Con el excelente sabor de boca que acaba de dejarnos el final de su tercera temporada, es de justicia dedicar unas líneas a la que es, con diferencia, una de las series de más calidad que ha dado la televisión británica en los últimos años. No se trata únicamente de destacar los ya agotadores calificativos para sus actores principales, unos inmensos y pletóricos Benedict Cumberbatch y Martin Freeman (que gracias al éxito de la serie ahora parece que están en todas partes), así como de sus excelentes personajes secundarios, sino de poner de relieve el resultado tan equilibrado, profundo y completo que arranca de unos poderosos guiones y se ve rematado por un montaje y una posproducción tan inteligente como hipnótica. Decididamente, y por mucho que a Guy Ritchie y su intrascendente Holmes encarnado por Robert Downey Jr. les duela, Sherlock solo hay uno.
La serie arrancó con notable éxito de crítica en 2010, con un curioso formato de temporadas de tres episodios cada una, a razón de 90 minutos por episodio.
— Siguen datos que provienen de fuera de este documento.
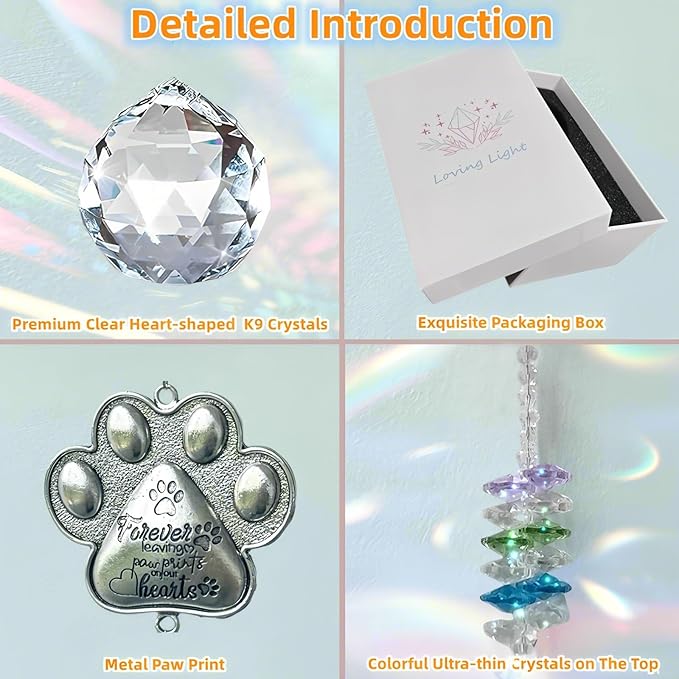 Dog Memorial Gifts for Loss of Dog,Pet Memorial Suncatcher,Pet Memorial Sympathy K9 Crystal Sun Catcher,Thoughtful Dogs and Cats Remembrance, Bereavement Gifts (Clear)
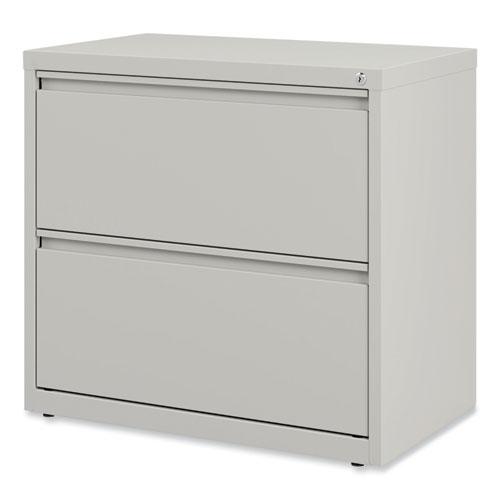 Lateral File, 2 Legal/Letter-Size File Drawers, Light Gray, 36" x 18.63" x 28". Picture 2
Esto, que en realidad convierte cada capítulo en una especie de película en sí misma, a un tiempo autoconclusiva y a un tiempo hilvanada hábilmente con la trama central de cada temporada, hace que la serie mantenga frescura, que no pierda el tiempo en capítulos anecdóticos y, muy especialmente, le da a cada trama el tiempo necesario para crecer sin absurdas interrupciones o dilataciones de la acción. Se trata de episodios fuertes, constituidos por los grandes guiones que mano a mano elabora Steven Moffat con Mark Gattis, quien a su vez se reserva el jugoso papel de Mycroft, el pedante y entrañable hermano mayor de Sherlock.
Evidentemente, la clave del éxito de la serie está en la química de sus dos extraordinarios actores principales. El papel de Cumberbatch como Sherlock es de antología, dándole a su personaje toda la excentricidad, clase y carisma que necesita, y al que secunda perfectamente Freeman con una interpretación llena de calor, humanidad y talento con el que tanto necesita identificarse el espectador. Los diálogos entre ambos son, con diferencia, lo mejor de una serie que temporada a temporada fue creciendo al tiempo que incorporaba una versión moderna, actual y coherente de los elementos clásicos de las obras de Conan Doyle, donde siempre destaca la inteligencia de Holmes y su extraordinaria habilidad intelectual para salir del aprieto más irresoluble.
Cada capítulo toma una novela de Conan Doyle y propone su particular versión, algunas veces con más acierto que en otras. A mí, por ejemplo, me dejó algo frío la versión de El perro de los Baskerville, mi novela favorita de Holmes, pero debo reconocer que me encanta la versión que se hace de otras obras, así como de muchos personajes claves de la historia, como esa impagable Irene Adler que interpreta Lara Pulver. Y en cualquier caso, la serie sabe siempre mantener una tensión efectiva incluso para quienes conocemos el desarrollo general de la historia, que siempre se mantiene fiel al espíritu de las obras originales por mucho que ciertos trucos efectivos, como el de los teléfonos móviles, parezcan alejar las historias en direcciones postmodernas menos adecuadas. Como tantas otras cosas, se trata solo de una ilusión en la que conviene no caer.
Curiosamente, el propio éxito de las dos primeras temporadas, que culminaban con esa caída de Reichenbach y el desenlace del particularísimo y genial Moriarty, fue casi el causante de la desaparición de la serie. Una mezcla de bloqueo por parte de Moffat y el descomunal éxito de sus dos actores principales fueron la fórmula de la tormenta perfecta que a punto estuvo de trastocarlo todo, llevando a las estrellas a protagonizar grandes proyectos de Hollywood, como El Hobbit o Star Trek, mientras Moffat sentía toda la presión de una audiencia que ha tenido que esperar más de dos años para poder contemplar las excelencias de una, nuevamente, soberbia temporada. Los tres capítulos de esta última hornada son absolutamente apasionantes, con un nivel actoral delirante y una forma de enganchar en cada uno de ellos que se ve aderezado, además, por un sentido del humor fabuloso. La entrada en escena de Holmes en el primer capítulo, haciéndose pasar por un maitre francés, es únicamente comparable a la secuencia del discurso nupcial del segundo capítulo o a la búsqueda de respuestas desesperadas del palacio mental de una tercera entrega que, en el colmo de los colmos, anuncia una línea temática apasionante para la cuarta temporada con el retorno de cierto personaje. Sencillamente, no se puede pedir nada más.
Aun a pesar de que en ocasiones puede pecar de cierta pretenciosidad en el tono, no puedo sino recomendar encarecidamente a cualquier escéptico que le dé una oportunidad de las buenas. El talento y carisma de todo el mundo involucrado en esta producción harán el resto.